Est-ce que nous voulons, enfant, ou même plus tard, vraiment comprendre nos parents ? Ne nous suffit-il pas de savoir qu'ils sont grands et forts et géants, et qu'ils nous aiment, qu'ils nous protégeront toujours ? Que savais-je alors de sa vie de femme, veuve trop jeune, de ses rêves, ses doutes, ses interrogations ? Pas grand-chose, mais je ne voulais pas savoir, et c'était mieux ainsi. Les plus belles choses doivent demeurer secrètes.
Maman est désormais vieille, bientôt le temps nous l'enlèvera. Elle est clouée sur une chaise roulante, suite à une congestion cérébrale.
Et elle me dit, mon Boulou, pourquoi est-ce que tu n'arrêtes pas de faire les cent pas.
Je dois bien avoir marché des milliers, peut-être même des millions de kilomètres ainsi.
Ki fer to pe trakase, Boulou ?
Où sont Nanou et Osman (mes frères aînés) ?
J'aimerais tant cuisiner un petit plat pour toi et tes frères.
On n'a pas la nostalgie de ces vies qui n'ont pas été faciles ; les femmes portaient de nombreuses chaînes à l'époque, visibles et invisibles, elles en portent d'ailleurs toujours, mais on a la nostalgie de cœurs grands comme ça, de cœurs vastes. Nous sommes capables d'amour, mais un amour qui se résume à quelques êtres, dans le décor de rendez-vous, de formalités. L'amour débridé de ces êtres d'un autre temps ne peut plus être, cette générosité est désormais enfouie sous les cendres de nos vies mécaniques.

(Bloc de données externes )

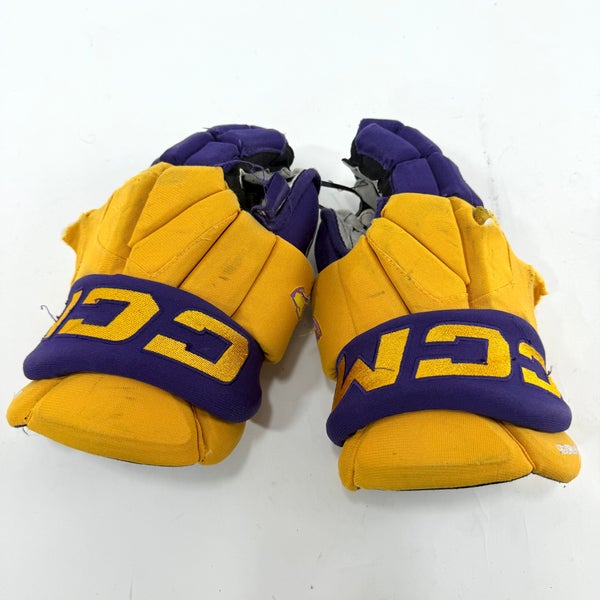 Used Yellow and Purple CCM Jetspeed Gloves | 14" | E557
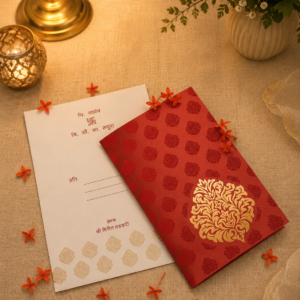 Royal Red & Gold Traditional Wedding Invitation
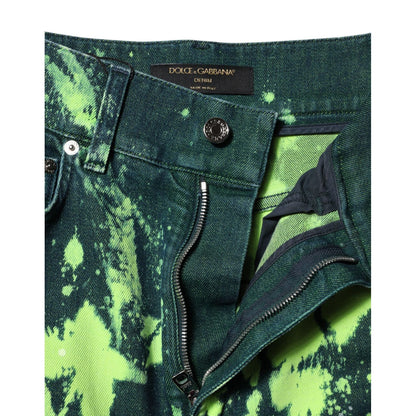 Dolce & Gabbana Green Color Splash High Waist Denim Jeans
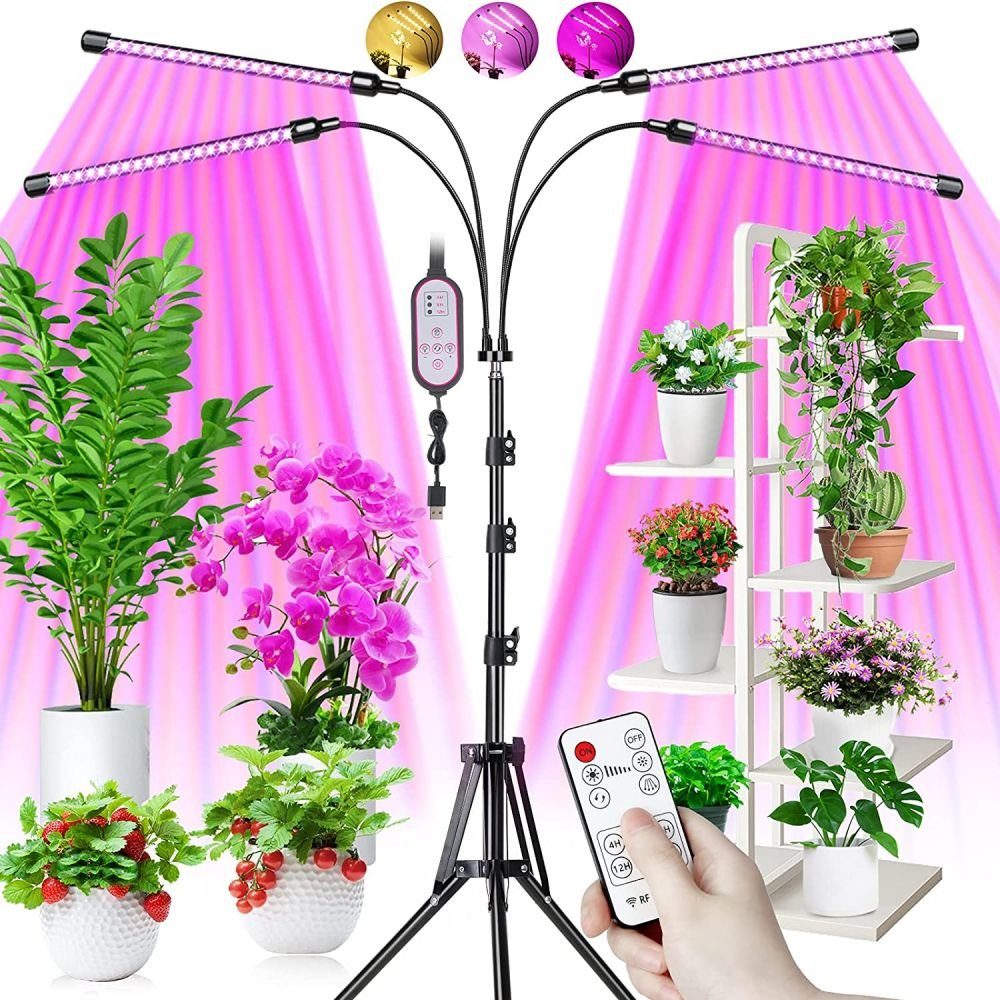GelldG Pflanzenlampe Pflanzenlampe LED, Pflanzenlicht Vollspektrum mit Ständer, 4 Kopf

Le tohu-bohu des samedis. On joue dans la cour avec les cousins et les cousines. Qu'ils sont dingues ! Les adultes parlementent dans le salon. Maman papillonne d'un lieu à l'autre, d'une personne à l'autre, elle nous fait don de merveilleuses saveurs. Et ces saveurs me rappellent aujourd'hui un temps perdu mais sans cesse renouvelé, les saveurs d'un amour infini.